Peter Rough on the U.S. ceding its decades-long leadership role in the Middle East

peter_rough
peter_rough
Senior Fellow and Director, Center on Europe and Eurasia
Russian President Vladimir Putin (R) greets his Syrian counterpart Bashar al-Assad (L) during a meeting at the Kremlin in Moscow on October 20, 2015. (ALEXEY DRUZHININ/AFP/Getty Images)
Caption
Russian President Vladimir Putin (R) greets his Syrian counterpart Bashar al-Assad (L) during a meeting at the Kremlin in Moscow on October 20, 2015. (ALEXEY DRUZHININ/AFP/Getty Images)
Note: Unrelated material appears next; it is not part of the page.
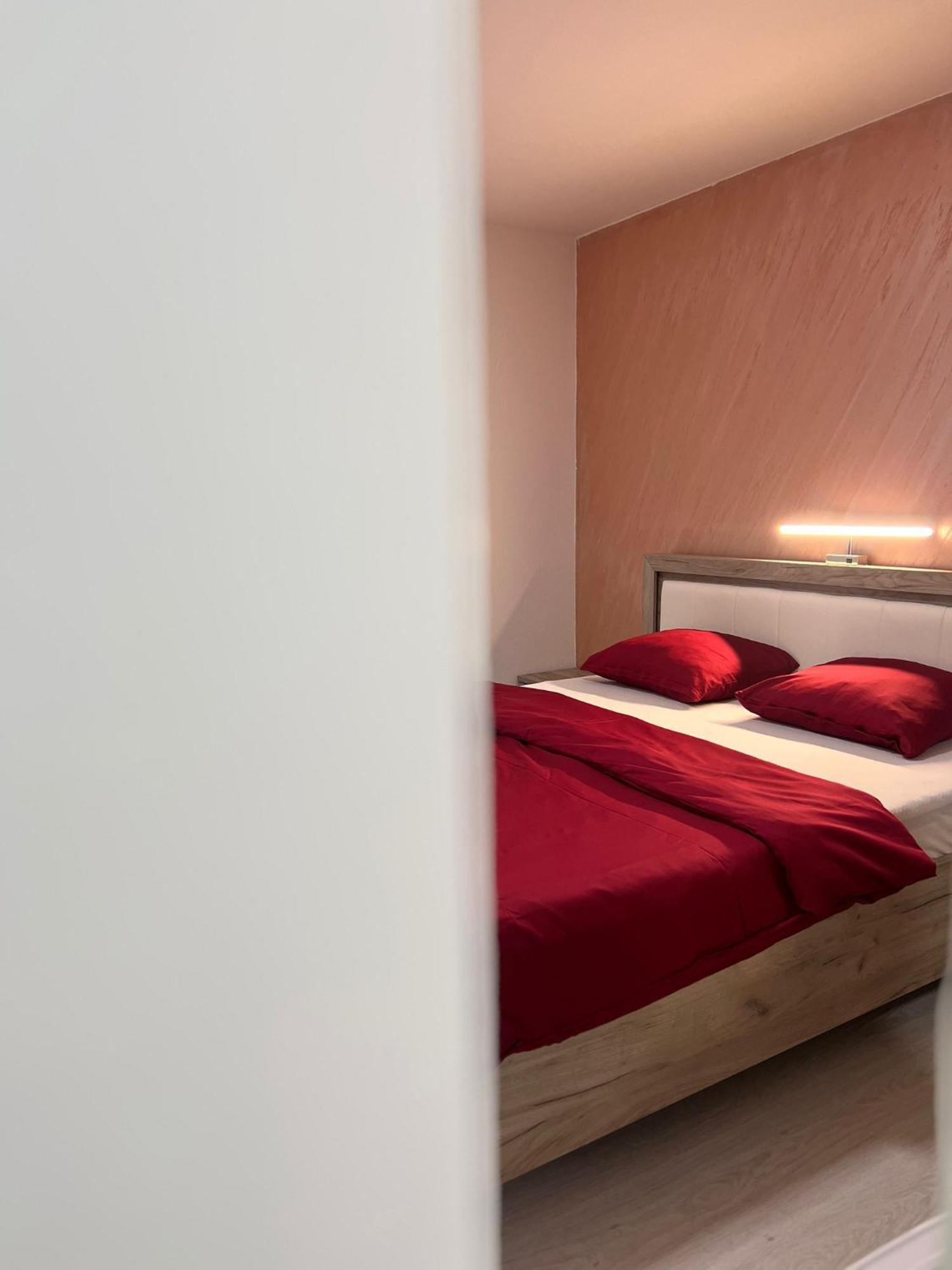 리바르스카 반야 Zeleni Dvor B&B 외부 사진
Over the past several months, the Obama administration has taken a blinkered view toward the conflict in Syria--with grim consequences for America's position in the Middle East. In a burst of activity and statements, Secretary of State John Kerry has honed in on the death and destruction in Syria to prioritize a ceasefire above all else. This week, in the aftermath of the suspension of the Geneva talks, this effort has reached its apex. By elevating the humanitarian imperative, however, the Obama administration is subordinating the key to unlocking an enduring peace--the removal of Syrian dictator Bashar Assad.

In a December meeting in Moscow, Kerry conceded that he no longer deems regime change a necessary prerequisite to concluding the conflict, since the United States is "not seeking so-called regime change as it is known in Syria." Just this week, State Department spokesman John Kirby reiterated his boss's perspective, arguing that "being able to have talks ... you can start to get at the issues that are most -- of prime importance ... which is a ceasefire and humanitarian access."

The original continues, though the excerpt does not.